What this task involves:
Here the job is to transcribe the data exactly while omitting the images.

Dataset section Block Start

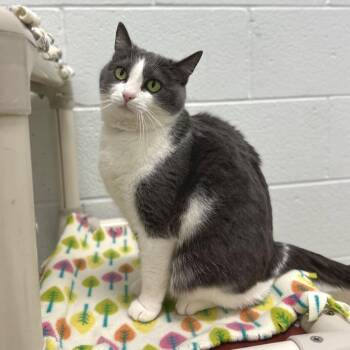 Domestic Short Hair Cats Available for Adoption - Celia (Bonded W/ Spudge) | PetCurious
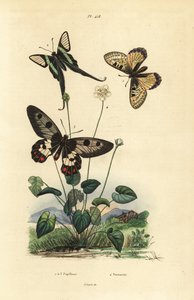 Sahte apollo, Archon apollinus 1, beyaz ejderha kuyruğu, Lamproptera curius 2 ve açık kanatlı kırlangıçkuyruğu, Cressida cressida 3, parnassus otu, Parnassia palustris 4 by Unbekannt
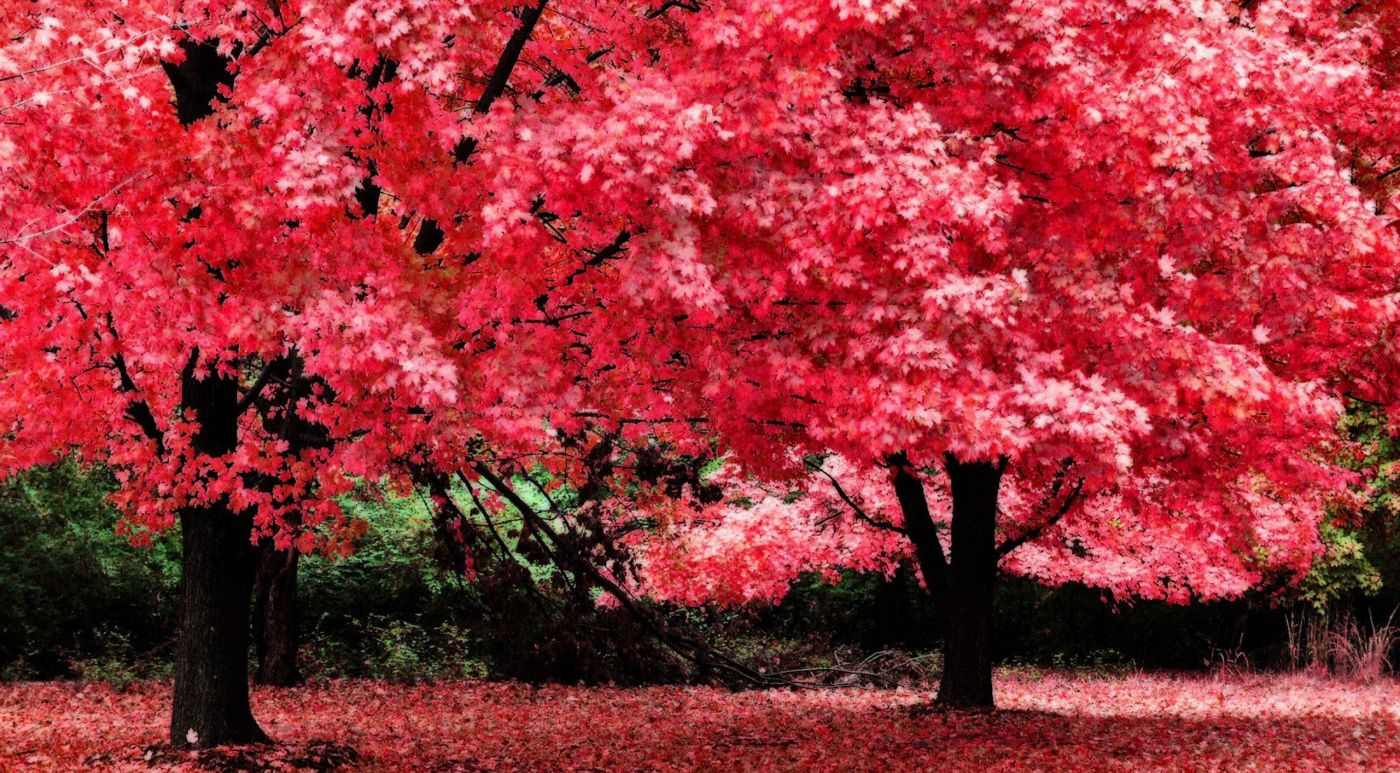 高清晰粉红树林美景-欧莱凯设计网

Dataset section Block End

Answer space:
 Domestic Short Hair Cats Available for Adoption - Celia (Bonded W/ Spudge) | PetCurious
 Sahte apollo, Archon apollinus 1, beyaz ejderha kuyruğu, Lamproptera curius 2 ve açık kanatlı kırlangıçkuyruğu, Cressida cressida 3, parnassus otu, Parnassia palustris 4 by Unbekannt
 高清晰粉红树林美景-欧莱凯设计网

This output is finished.